[casual_games] Club Penguin's Conversion Rate

James C. Smith james at reflexive.net
Tue Feb 24 19:24:53 EST 2009


You are comparing conversion of two different things. On the case of Club
penguin you are measuring purchases per visor but for downloadable games you
are measuring purchase per download when you should really looking at
purchases per visitor if you want to compare it to Club penguin.

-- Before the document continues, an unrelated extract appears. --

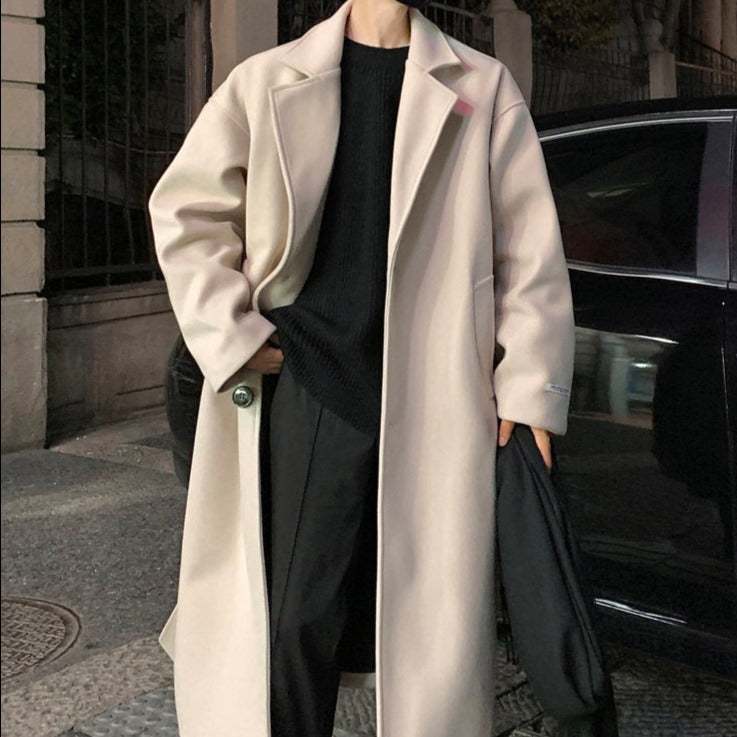 Long belted overcoat with notched lapels and side pockets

Let's say 10 visitors come to your sight, and they each try 5 games, and
then 1 guys buys one of those games. So you had 50 download and 1 purchase.
You only converted 2% of your downloads but you converted 10% of you
visitors.





I believe many visors do try several games before deciding which one to buy.
Measuring purchases per download makes it seem like this is a bad thing.
Measuring purchases per visitor or average revenue per user (ARPU) are much
better ways to compare to subscription plans.



--James



-----Original Message-----
From: casual_games-bounces at igda.org [mailto:casual_games-bounces at igda.org]
On Behalf Of Erin Hoffman
Sent: Tuesday, February 24, 2009 3:56 PM
To: casual_games at igda.org
Subject: [casual_games] Club Penguin's Conversion Rate



Hi all,



I don't think Club Penguin is traditionally identified as a "casual

game", but I know there are a few marketers on the list who might have

access or thoughts on these statistics.



The customary conversion rate for casual games is 1% -- 1 in 100 free

downloads will convert to a purchase. This tends to also apply where

casual games intersect the F2P MMO market. Club Penguin, however,

converts at a rate of 5.8% -- they maintain around 700,000 paying

users out of 12 million account holders, and these subscribers also

"over-spend" on Club Penguin goods, averaging between $50-70 per year

on Club Penguin purchases.



Is there any research or existing thought on why Club Penguin converts

at such a large rate? I realize it's so far considered an aberration

(a 'hit'), but what all could be contributing to its unnaturally large

conversion rate? Is it strictly a matter of demographics?